Уфф. Подъем, Батшева! Я нащупала в кармане пульт. Сезам, как ему и положено, открылся с первого тыка. Я вылезла из «линкольна», потянулась, заткнула за пояс «глок» с глушителем и приоткрыла внутреннюю дверь. В гостиной было тихо и светло, как в пустыне утром. Сверху тоже не доносилось ни звука. Инструкция Мики гласит: если тебе кажется, что все в полном порядке, осмотрись еще раз. Послушно повторив осмотр, я скользнула к дальней стене, где поблескивала мраморная поверхность кухонного стола, но застыла на полпути, остановленная неприятнейшим в такой ситуации чувством, будто кто-то не сводит с меня глаз.
Рука сама дернулась к рукоятке пистолета. Я слегка присела и обернулась. С дивана на меня смотрел огромный мохнатый котище с кисточками на кончиках навостренных ушей.
– Сторожишь? – беззвучно, одними губами, поинтересовалась я.
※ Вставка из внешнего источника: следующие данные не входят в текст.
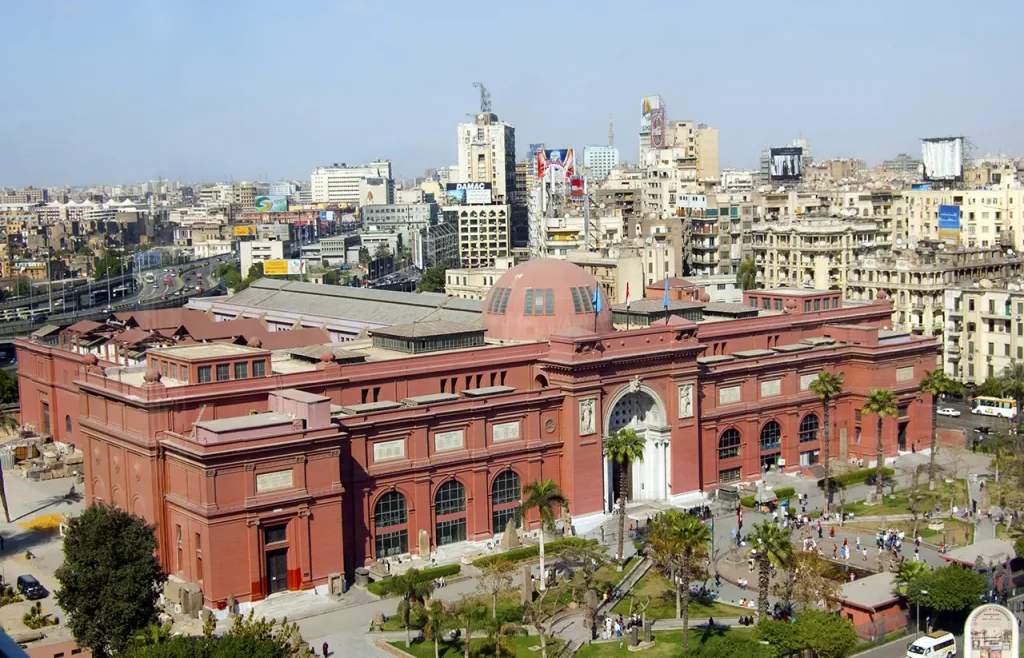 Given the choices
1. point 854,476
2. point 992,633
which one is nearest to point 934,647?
point 992,633

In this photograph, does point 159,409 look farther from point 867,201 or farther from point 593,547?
point 867,201

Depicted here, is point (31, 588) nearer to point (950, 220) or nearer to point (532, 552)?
point (532, 552)

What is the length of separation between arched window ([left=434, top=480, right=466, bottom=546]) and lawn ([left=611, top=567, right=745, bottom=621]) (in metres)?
9.89

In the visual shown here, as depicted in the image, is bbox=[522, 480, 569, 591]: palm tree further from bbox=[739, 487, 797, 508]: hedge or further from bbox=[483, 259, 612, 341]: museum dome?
bbox=[739, 487, 797, 508]: hedge

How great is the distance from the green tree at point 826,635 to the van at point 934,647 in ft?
7.73

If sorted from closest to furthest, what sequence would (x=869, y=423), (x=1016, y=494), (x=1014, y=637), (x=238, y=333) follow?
(x=1014, y=637) < (x=1016, y=494) < (x=869, y=423) < (x=238, y=333)

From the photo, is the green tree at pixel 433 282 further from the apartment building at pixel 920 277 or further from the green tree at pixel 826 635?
the green tree at pixel 826 635

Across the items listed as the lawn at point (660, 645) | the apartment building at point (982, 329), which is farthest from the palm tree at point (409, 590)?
the apartment building at point (982, 329)

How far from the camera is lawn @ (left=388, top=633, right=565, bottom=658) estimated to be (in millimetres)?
50375

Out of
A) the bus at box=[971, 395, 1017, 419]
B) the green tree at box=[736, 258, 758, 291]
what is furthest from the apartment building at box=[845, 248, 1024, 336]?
the green tree at box=[736, 258, 758, 291]

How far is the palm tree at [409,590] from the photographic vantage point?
169 feet

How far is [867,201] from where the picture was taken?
15662 centimetres

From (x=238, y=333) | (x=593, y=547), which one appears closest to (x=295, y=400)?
(x=593, y=547)

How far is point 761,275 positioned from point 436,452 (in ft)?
259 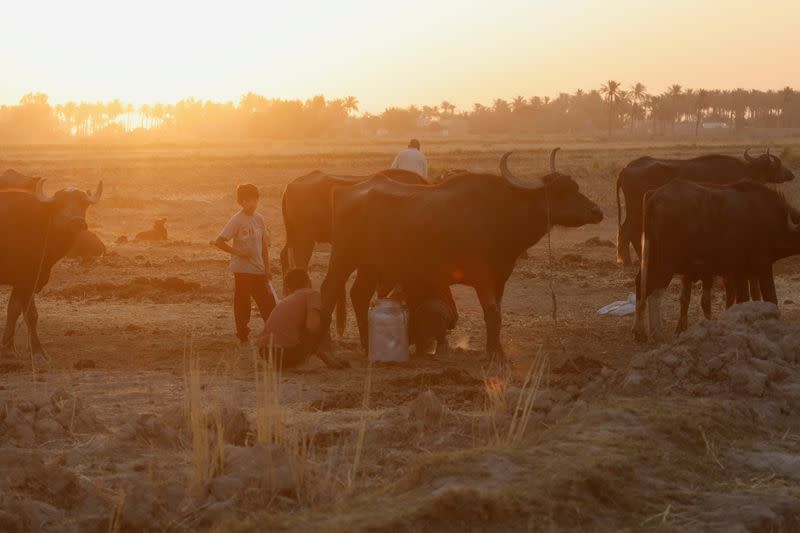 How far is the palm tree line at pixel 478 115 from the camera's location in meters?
131

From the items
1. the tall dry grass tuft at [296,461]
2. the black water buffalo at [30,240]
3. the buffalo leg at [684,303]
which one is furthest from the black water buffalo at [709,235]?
the tall dry grass tuft at [296,461]

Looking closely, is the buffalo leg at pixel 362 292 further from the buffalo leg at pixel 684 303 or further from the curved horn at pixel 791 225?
the curved horn at pixel 791 225

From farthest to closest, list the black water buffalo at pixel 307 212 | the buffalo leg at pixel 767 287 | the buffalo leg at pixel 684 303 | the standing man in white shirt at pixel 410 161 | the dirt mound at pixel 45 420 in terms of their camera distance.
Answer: the standing man in white shirt at pixel 410 161
the black water buffalo at pixel 307 212
the buffalo leg at pixel 684 303
the buffalo leg at pixel 767 287
the dirt mound at pixel 45 420

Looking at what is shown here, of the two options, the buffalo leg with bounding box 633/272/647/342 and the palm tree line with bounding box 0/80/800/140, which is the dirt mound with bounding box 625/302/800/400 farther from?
the palm tree line with bounding box 0/80/800/140

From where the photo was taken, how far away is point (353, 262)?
1304 cm

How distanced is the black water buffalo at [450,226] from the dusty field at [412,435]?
0.93 meters

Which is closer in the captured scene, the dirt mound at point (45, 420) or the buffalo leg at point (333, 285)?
the dirt mound at point (45, 420)

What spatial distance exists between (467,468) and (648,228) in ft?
24.5

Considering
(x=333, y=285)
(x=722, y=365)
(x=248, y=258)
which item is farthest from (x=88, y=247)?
(x=722, y=365)

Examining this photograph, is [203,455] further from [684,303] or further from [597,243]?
[597,243]

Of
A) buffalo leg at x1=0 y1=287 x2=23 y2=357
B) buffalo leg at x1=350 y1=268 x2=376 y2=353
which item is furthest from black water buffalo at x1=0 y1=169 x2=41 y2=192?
buffalo leg at x1=350 y1=268 x2=376 y2=353

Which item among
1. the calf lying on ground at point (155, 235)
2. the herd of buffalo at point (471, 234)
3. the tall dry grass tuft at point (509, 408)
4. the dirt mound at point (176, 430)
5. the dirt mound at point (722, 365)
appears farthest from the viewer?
the calf lying on ground at point (155, 235)

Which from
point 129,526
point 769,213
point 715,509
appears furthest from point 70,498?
point 769,213

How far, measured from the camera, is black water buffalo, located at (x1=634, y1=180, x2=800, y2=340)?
44.4ft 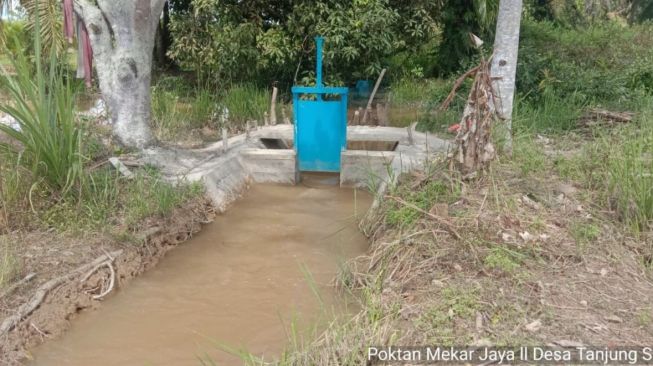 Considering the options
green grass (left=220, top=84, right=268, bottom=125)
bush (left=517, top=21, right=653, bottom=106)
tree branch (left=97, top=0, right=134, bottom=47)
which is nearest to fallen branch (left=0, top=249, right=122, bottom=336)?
tree branch (left=97, top=0, right=134, bottom=47)

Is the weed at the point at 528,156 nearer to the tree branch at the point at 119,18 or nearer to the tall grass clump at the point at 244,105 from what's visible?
the tree branch at the point at 119,18

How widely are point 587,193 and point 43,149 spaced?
14.0ft

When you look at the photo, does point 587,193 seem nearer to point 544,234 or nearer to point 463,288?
point 544,234

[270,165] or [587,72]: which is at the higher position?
[587,72]

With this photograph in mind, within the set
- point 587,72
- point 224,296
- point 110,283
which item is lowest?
point 224,296

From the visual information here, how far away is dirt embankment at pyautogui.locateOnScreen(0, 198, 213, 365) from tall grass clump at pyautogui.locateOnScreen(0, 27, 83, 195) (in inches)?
19.6

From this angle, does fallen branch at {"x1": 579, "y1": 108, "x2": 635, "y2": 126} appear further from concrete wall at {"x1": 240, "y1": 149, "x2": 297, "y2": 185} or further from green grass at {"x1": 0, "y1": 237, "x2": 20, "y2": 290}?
green grass at {"x1": 0, "y1": 237, "x2": 20, "y2": 290}

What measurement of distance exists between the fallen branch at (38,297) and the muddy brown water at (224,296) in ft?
0.75

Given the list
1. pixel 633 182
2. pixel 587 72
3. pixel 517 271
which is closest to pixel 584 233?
pixel 633 182

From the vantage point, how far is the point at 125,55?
634cm

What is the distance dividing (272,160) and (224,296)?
314 cm

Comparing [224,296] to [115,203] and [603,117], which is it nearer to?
[115,203]

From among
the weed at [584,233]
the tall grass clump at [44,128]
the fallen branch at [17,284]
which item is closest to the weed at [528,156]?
the weed at [584,233]

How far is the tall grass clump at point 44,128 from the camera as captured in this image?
4352mm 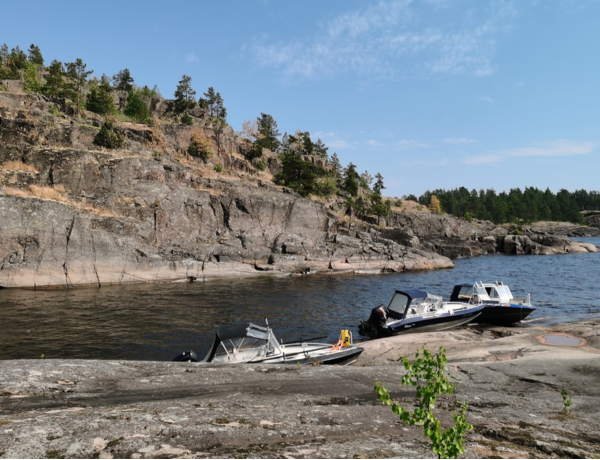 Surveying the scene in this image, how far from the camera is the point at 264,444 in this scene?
18.5 feet

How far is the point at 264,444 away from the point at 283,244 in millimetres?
46076

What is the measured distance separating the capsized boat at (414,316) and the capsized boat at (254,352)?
6.67 meters

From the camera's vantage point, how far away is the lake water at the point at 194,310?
20.0m

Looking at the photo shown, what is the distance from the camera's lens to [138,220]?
4291cm

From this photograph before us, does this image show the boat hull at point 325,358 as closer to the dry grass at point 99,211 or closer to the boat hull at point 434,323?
the boat hull at point 434,323

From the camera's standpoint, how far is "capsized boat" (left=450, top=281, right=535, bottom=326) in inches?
1037

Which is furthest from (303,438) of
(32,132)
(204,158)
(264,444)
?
(204,158)

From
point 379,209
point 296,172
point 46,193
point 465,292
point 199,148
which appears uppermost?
point 199,148

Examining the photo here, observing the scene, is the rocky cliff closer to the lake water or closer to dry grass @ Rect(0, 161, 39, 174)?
dry grass @ Rect(0, 161, 39, 174)

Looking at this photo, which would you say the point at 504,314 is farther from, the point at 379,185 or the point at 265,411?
the point at 379,185

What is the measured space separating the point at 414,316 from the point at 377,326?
2.65 meters

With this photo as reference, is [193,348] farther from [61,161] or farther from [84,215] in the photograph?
[61,161]

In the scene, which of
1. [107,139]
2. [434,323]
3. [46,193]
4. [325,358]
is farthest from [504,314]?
[107,139]

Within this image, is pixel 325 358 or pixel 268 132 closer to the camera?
pixel 325 358
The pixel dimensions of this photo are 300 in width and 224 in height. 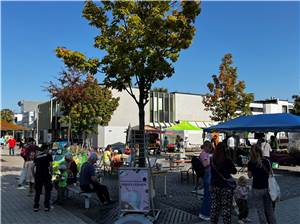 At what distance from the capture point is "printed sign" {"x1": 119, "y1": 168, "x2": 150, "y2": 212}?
7.43 meters

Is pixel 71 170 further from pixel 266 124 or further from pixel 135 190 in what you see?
pixel 266 124

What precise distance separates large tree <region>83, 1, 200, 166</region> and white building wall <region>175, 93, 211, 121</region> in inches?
1429

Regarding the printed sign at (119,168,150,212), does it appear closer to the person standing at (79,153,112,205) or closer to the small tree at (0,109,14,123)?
the person standing at (79,153,112,205)

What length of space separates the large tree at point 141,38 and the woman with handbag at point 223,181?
16.4ft

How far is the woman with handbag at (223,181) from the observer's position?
6.16 m

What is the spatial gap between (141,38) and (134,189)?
5526 millimetres

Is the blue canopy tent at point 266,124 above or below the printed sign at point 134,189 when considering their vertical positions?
above

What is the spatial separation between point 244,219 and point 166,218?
1.68 m

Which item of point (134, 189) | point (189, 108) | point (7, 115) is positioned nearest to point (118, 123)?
point (189, 108)

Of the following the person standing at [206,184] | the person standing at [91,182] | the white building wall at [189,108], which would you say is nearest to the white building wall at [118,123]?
the white building wall at [189,108]

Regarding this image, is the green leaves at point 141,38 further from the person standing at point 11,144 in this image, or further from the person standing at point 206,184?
the person standing at point 11,144

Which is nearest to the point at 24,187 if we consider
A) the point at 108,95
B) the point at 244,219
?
the point at 244,219

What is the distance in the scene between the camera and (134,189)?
24.6ft

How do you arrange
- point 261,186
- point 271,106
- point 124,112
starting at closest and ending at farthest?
point 261,186 < point 124,112 < point 271,106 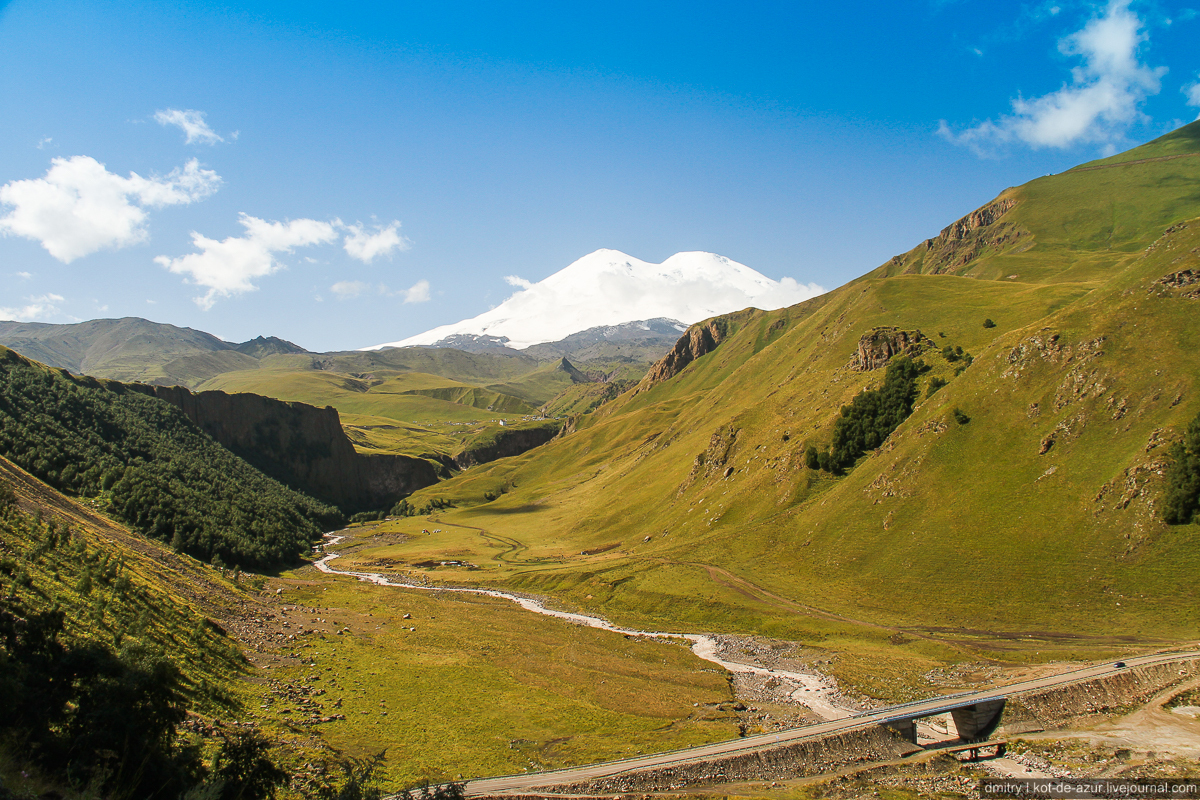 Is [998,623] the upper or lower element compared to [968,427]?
lower

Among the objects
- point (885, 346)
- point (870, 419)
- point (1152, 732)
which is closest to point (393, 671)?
point (1152, 732)

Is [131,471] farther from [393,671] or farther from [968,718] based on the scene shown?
[968,718]

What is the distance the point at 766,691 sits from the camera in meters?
A: 72.0

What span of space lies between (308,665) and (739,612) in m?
68.0

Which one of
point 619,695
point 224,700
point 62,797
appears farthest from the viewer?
point 619,695

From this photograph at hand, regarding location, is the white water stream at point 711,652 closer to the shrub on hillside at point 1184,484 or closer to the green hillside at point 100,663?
the shrub on hillside at point 1184,484

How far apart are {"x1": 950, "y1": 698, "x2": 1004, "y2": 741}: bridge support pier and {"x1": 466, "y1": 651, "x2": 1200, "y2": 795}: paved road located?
0.61 metres

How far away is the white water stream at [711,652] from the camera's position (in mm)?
66188

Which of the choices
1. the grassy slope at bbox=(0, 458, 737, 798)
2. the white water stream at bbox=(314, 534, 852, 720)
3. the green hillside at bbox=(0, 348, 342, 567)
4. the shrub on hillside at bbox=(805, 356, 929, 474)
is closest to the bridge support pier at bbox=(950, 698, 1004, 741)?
the white water stream at bbox=(314, 534, 852, 720)

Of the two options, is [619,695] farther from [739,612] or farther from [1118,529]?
[1118,529]

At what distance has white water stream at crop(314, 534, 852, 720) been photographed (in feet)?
217

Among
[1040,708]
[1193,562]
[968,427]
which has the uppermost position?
[968,427]

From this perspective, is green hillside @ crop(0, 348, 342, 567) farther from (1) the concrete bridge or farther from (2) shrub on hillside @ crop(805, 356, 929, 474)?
(2) shrub on hillside @ crop(805, 356, 929, 474)

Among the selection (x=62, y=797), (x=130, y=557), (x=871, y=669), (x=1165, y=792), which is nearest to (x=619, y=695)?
(x=871, y=669) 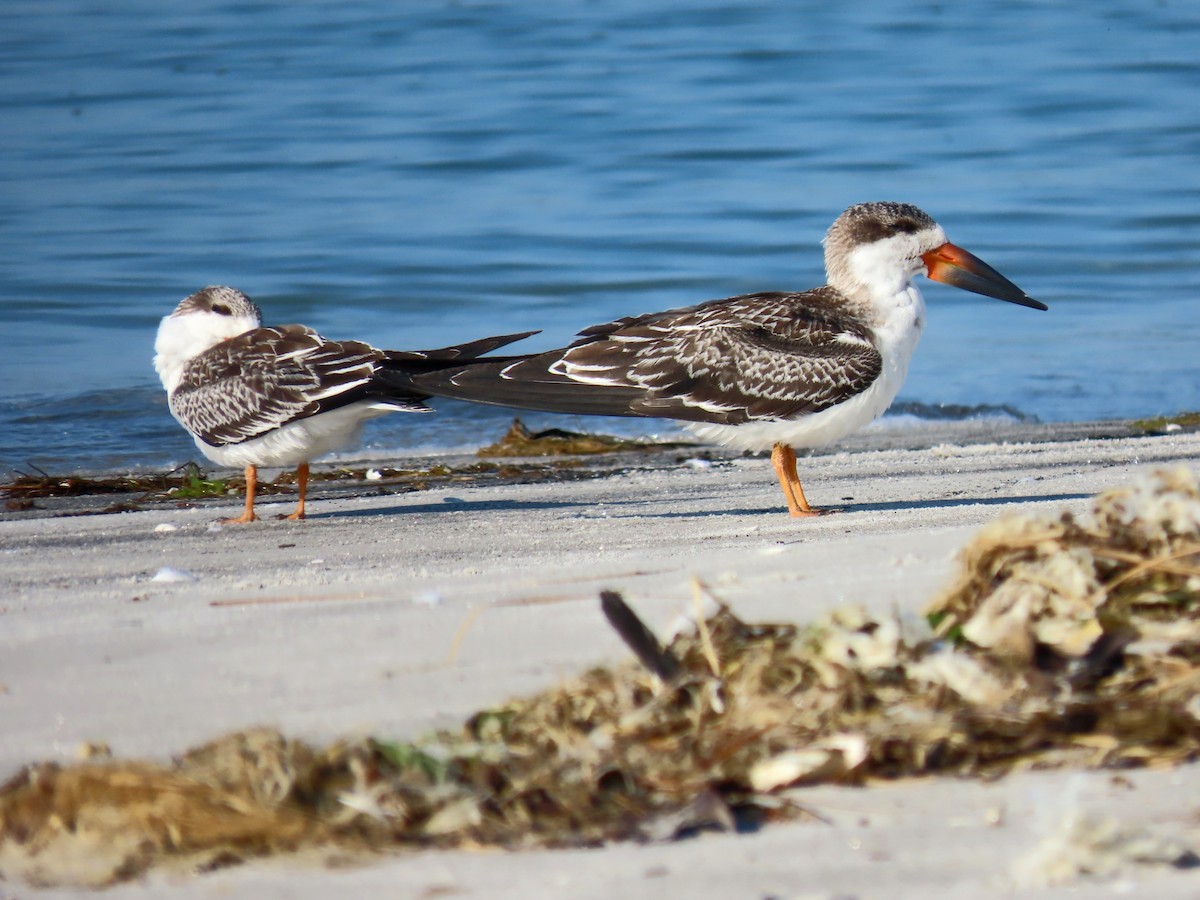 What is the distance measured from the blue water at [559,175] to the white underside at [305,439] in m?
2.48

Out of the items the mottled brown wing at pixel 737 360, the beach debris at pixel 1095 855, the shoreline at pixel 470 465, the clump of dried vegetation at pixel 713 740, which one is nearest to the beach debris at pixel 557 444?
the shoreline at pixel 470 465

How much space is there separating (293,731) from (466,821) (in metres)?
0.52

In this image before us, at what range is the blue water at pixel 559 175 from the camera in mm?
11398

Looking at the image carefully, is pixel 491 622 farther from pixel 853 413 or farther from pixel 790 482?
pixel 853 413

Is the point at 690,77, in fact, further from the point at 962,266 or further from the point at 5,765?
the point at 5,765

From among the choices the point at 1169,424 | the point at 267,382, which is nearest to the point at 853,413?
the point at 267,382

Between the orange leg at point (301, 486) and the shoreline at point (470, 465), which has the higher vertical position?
the orange leg at point (301, 486)

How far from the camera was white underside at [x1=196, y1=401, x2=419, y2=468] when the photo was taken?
6.45 meters

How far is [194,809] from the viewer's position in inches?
93.3

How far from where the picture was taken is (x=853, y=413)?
610 centimetres

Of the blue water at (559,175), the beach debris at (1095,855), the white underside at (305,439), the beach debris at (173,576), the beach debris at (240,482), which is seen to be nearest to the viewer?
the beach debris at (1095,855)

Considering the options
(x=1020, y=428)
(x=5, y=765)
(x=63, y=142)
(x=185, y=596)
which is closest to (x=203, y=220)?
(x=63, y=142)

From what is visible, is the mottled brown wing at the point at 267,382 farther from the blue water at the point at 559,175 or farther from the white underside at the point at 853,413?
the blue water at the point at 559,175

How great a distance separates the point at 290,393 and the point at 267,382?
13 centimetres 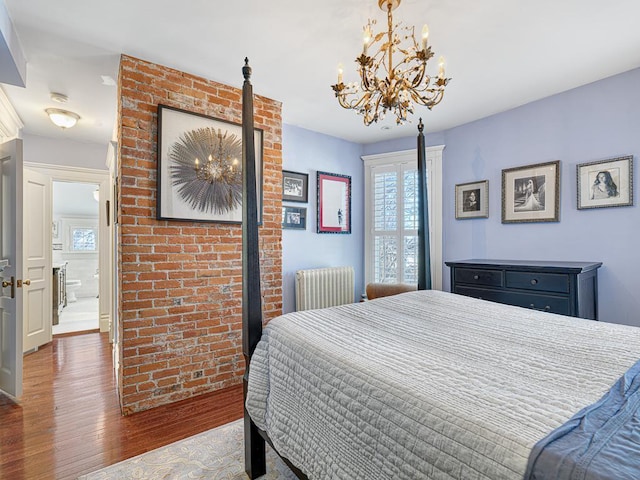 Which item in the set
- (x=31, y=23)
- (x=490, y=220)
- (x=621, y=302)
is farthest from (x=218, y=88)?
(x=621, y=302)

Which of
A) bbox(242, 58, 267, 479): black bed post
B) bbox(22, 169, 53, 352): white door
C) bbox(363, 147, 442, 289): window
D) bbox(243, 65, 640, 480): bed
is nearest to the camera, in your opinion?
bbox(243, 65, 640, 480): bed

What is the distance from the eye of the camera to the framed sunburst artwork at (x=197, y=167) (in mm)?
2439

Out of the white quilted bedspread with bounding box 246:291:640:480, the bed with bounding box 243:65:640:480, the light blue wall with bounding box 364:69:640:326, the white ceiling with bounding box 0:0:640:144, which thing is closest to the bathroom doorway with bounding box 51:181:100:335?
the white ceiling with bounding box 0:0:640:144

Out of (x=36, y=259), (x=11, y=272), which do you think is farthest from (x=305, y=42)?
(x=36, y=259)

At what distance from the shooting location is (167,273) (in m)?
2.46

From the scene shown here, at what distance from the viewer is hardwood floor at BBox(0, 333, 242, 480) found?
5.92ft

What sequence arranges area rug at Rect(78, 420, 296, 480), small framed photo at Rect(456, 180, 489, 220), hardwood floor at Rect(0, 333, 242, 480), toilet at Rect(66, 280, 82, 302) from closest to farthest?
area rug at Rect(78, 420, 296, 480)
hardwood floor at Rect(0, 333, 242, 480)
small framed photo at Rect(456, 180, 489, 220)
toilet at Rect(66, 280, 82, 302)

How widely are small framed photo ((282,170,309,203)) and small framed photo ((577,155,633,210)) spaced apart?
2618 mm

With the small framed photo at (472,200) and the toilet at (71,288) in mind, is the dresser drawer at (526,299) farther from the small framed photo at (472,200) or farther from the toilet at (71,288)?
the toilet at (71,288)

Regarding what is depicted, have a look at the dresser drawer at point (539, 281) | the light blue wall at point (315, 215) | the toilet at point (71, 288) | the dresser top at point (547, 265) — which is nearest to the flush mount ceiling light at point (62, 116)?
the light blue wall at point (315, 215)

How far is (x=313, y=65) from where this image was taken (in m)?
2.43

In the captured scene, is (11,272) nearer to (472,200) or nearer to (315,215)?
(315,215)

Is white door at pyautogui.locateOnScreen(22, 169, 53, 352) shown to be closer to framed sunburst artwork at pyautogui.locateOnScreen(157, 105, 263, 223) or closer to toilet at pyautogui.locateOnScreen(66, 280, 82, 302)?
framed sunburst artwork at pyautogui.locateOnScreen(157, 105, 263, 223)

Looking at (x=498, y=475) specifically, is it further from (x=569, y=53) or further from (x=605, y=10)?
(x=569, y=53) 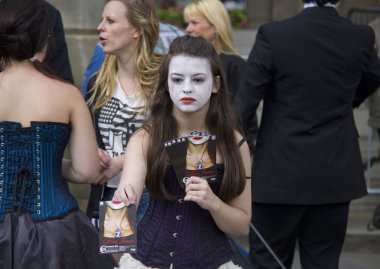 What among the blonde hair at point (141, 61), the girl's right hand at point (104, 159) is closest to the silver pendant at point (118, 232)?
the girl's right hand at point (104, 159)

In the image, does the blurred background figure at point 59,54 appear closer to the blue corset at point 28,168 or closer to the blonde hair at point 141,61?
the blonde hair at point 141,61

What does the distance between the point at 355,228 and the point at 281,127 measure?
2556mm

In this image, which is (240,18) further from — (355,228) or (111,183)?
(111,183)

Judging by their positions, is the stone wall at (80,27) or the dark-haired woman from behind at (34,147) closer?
the dark-haired woman from behind at (34,147)

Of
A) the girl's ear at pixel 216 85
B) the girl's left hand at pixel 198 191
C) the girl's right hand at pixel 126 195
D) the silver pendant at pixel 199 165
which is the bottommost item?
the girl's right hand at pixel 126 195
Кот проигнорировал глупый вопрос. Я убрала оружие и двинулась дальше. На стене возле хозяйственной двери мерцал экранчик сигнализации. На этот случай у нас тоже имелся специальный прибор – определитель кода. Я запустила процесс и присела на пол ждать результата. Три минуты спустя послышался приглашающий писк, и на экранчике загорелся зеленый огонек: добро пожаловать, Мики! Я отперла дверь и впустила мужа.
– Она наверху?
– Наверно, я не проверяла.
– Пойдем.
Мы поднялись по лестнице. Мики быстро проверил гостевые спальни – пусто. Оставалась хозяйская. Дверь в нее была приоткрыта; Мики просунул в проем голову, всмотрелся и вошел. Я последовала за ним. Мисс Тута Урбивай, жмурясь от удовольствия, отмокала от дневных трудов в огромной пенной ванне, напоминающей зоопарковый бассейн для бегемотов. Мы подошли вплотную, а она все не замечала гостей. Наконец Мики деликатно кашлянул. Тута открыла глаза, задохнулась и попробовала встать, скользя ногами по дну.
– Лежать! – скомандовал Мики и поднял свой «глок». – Шевельнешься – пристрелю. Крикнешь – пристрелю. Кашлянешь – пристрелю. Чихнешь – пристрелю. Если поняла, кивни.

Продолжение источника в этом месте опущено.